With the results all tabulated from the December invitationals, Queens University of Charlotte leads the way in both the men’s and the women’s rankings headed into the holiday break. Using our Swimulator, we have taken the top times so far this season and scored out a national meet. The calculation excludes the 1000 free and the diving events, both of which will influence the outcome at NCAAs.
The Royals lead the women’s rankings by just 19.5 points over Indianapolis, 517.5-498. Drury holds stead at third place with 416.5 points, while Colorado Mesa (260 points) leads the next group that includes West Chester, Carson-Newman, Nova S’eastern, Northern Michigan, Wingate, Wayne State, and Simon Fraser.

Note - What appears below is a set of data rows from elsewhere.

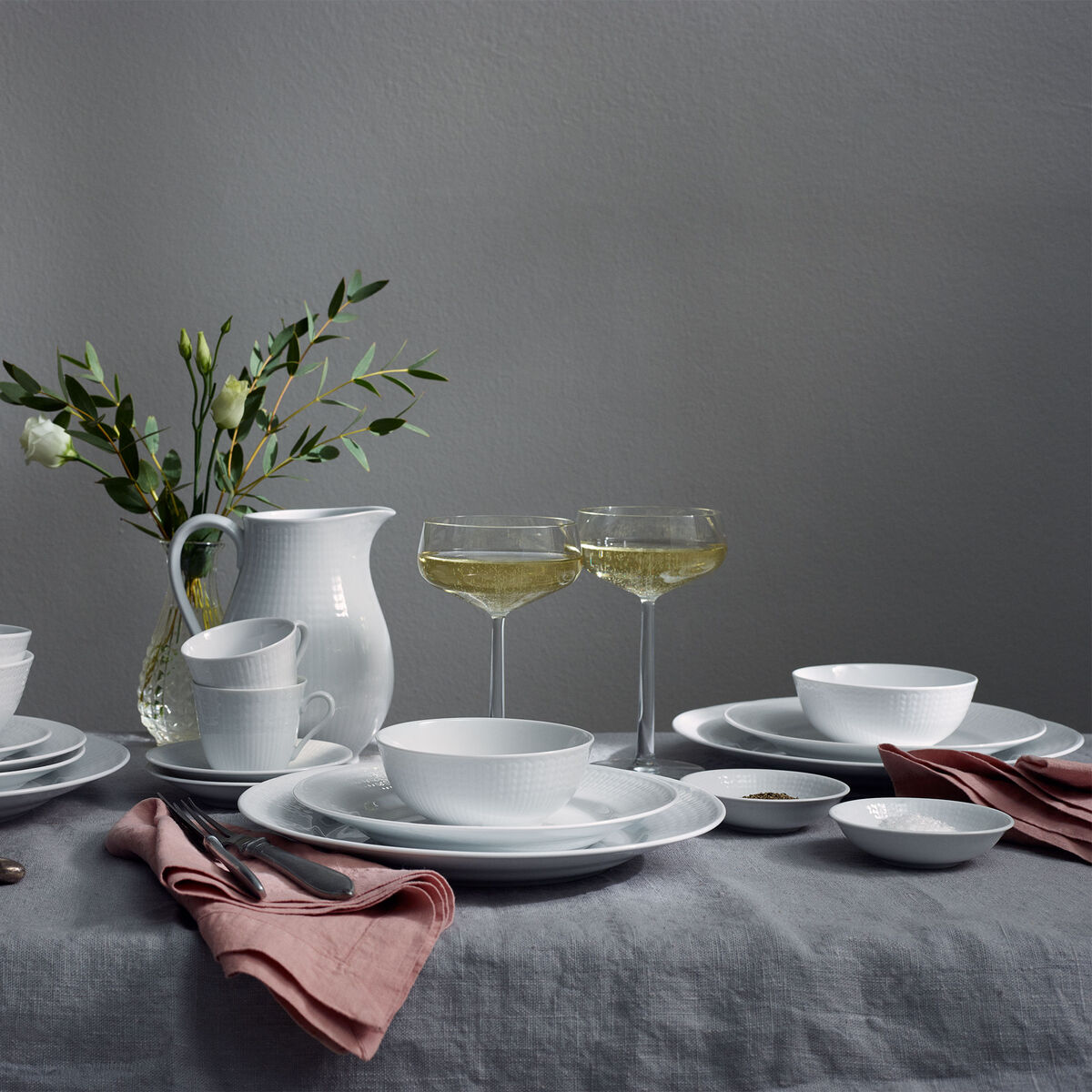 Swedish Grace skål 10 cl snø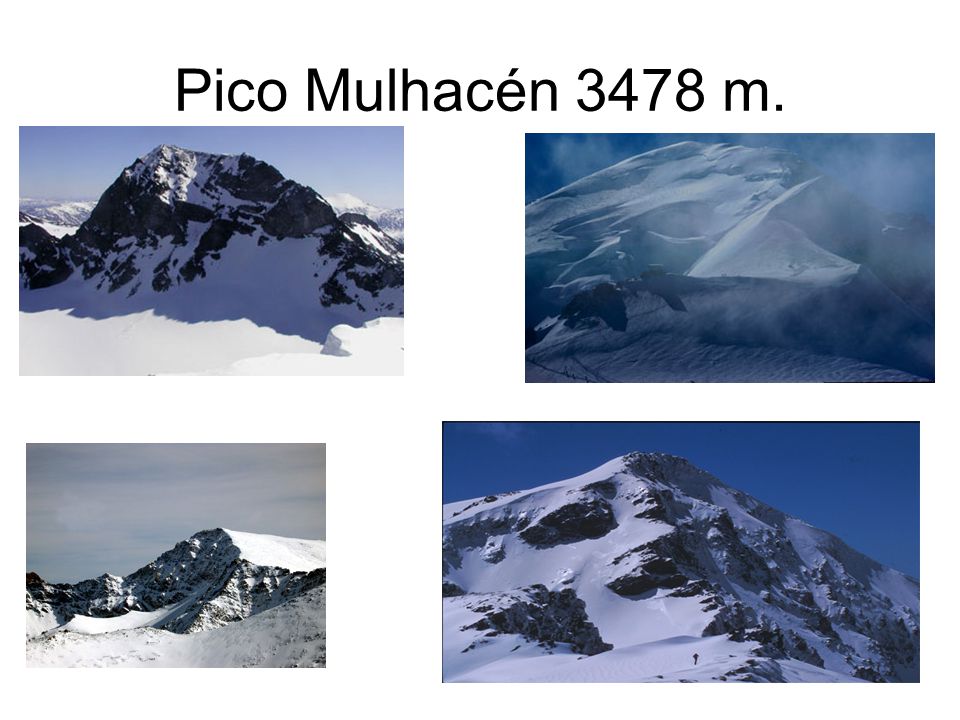 Pico Mulhacén 3478 m.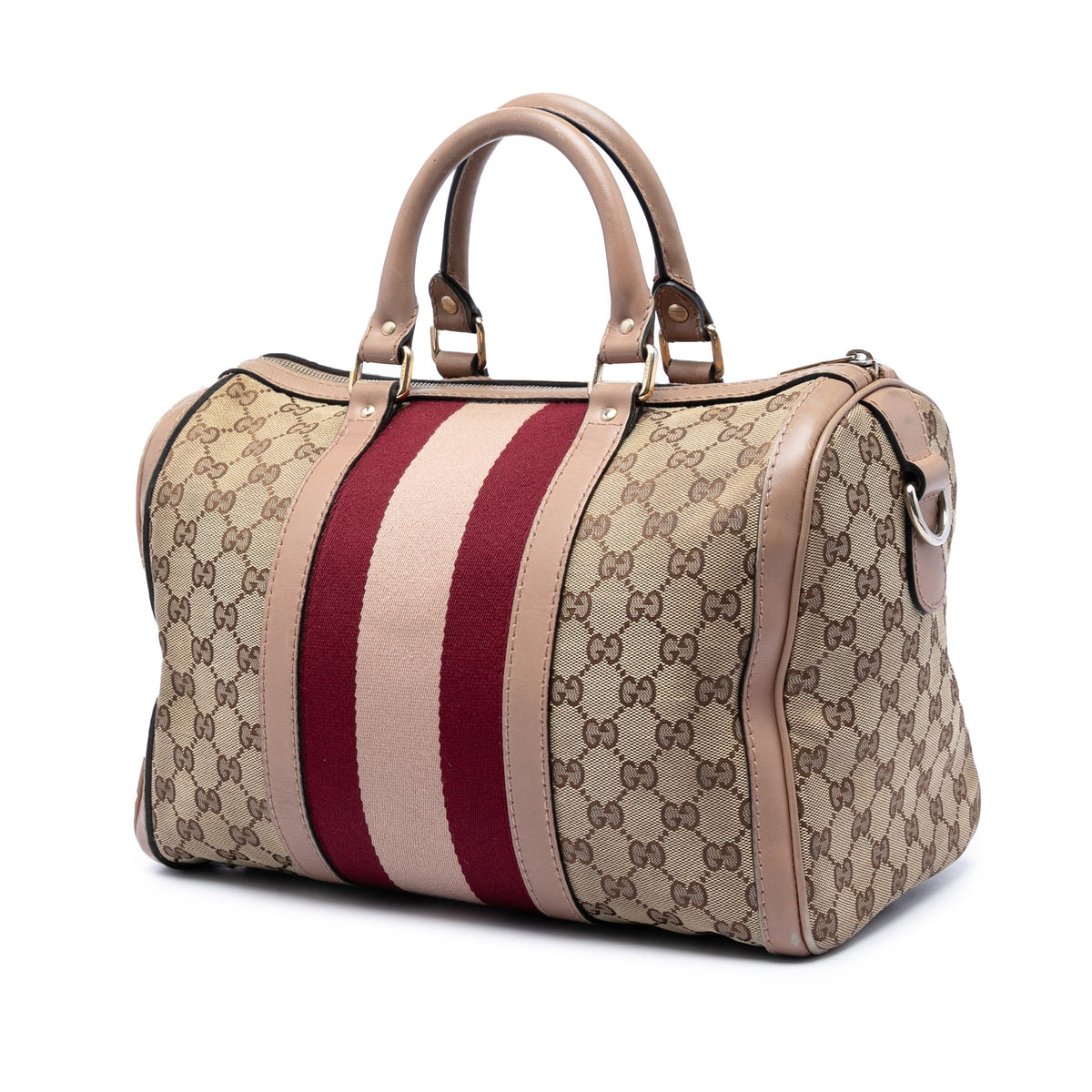 Vintage Web Boston Bag GG Canvas Medium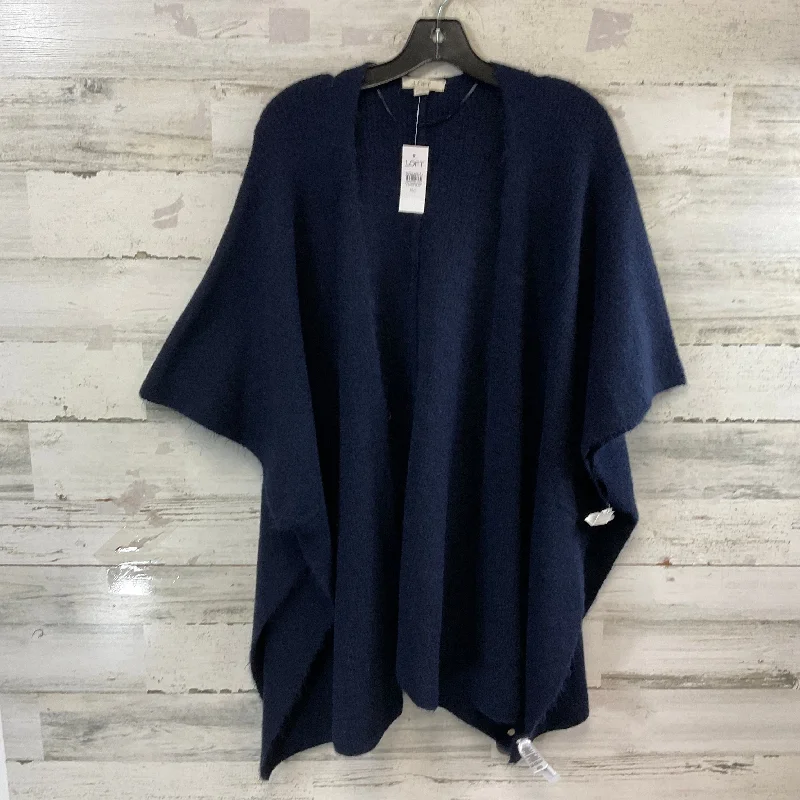 SWEATER CARDIGAN LOFT in BLUE, Size: M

Queens earned 180 points from relay performances, posting the top times in the 200/400/800 free relays; they were second in the 400 medley relay and sixth in the 200 medley relay. Monica Gumina and Sophie Lange are the fastest in the nation so far this season in the 200 free and the 500/1650 free, respectively, but otherwise, the Royals come out on top thanks to their depth. Lange is projected to score 54 points, while Gumina (48), Tova Andersson (48), and Danielle Melilli (47) are also among the most prolific scorers.
UIndy projects to 156 relay points and has five swimmers among the top-10 point-earners: Marizel Van Jaarsveld (54), Andrea Gomez Espinosa (48), Katie McCoy (47), Krystal Caylor (46), and Johanna Buys (46). Buys is the top 50 freestyler, while Caylor and Leticia Vaselli also rank among the five fastest. Van Jaarsveld leads in the 200 IM and is second to Gomez Espinosa in the 400 IM.
Drury and West Chester both have 146 relay points at the mid-point of the season. The Panthers are in third place overall thanks to individual performances from Aurora Duncan and Bec Cross (44 points each) and Allison Weber (41 points), all of whom rank in the top 20 overall. Laura Pareja has the nation-leading time in the 100 back, while Weber is second in the 500/1650 free, Duncan is runner-up in the 200 fly, and Cross and Duncan are top-5 in the IM events. West Chester’s Ann Carozza tops the individual leader board with 60 points, with top performances in the 100 free, 100 fly, and 200 fly.
In the men’s rankings, the Royals lead by nearly 100 points. Queens accounts for 540.5 swimming points so far this season, followed by UIndy (433), Drury (367), Colorado Mesa (274.5), McKendree (226), Findlay (207), Grand Valley (205.5), and Florida Southern (182).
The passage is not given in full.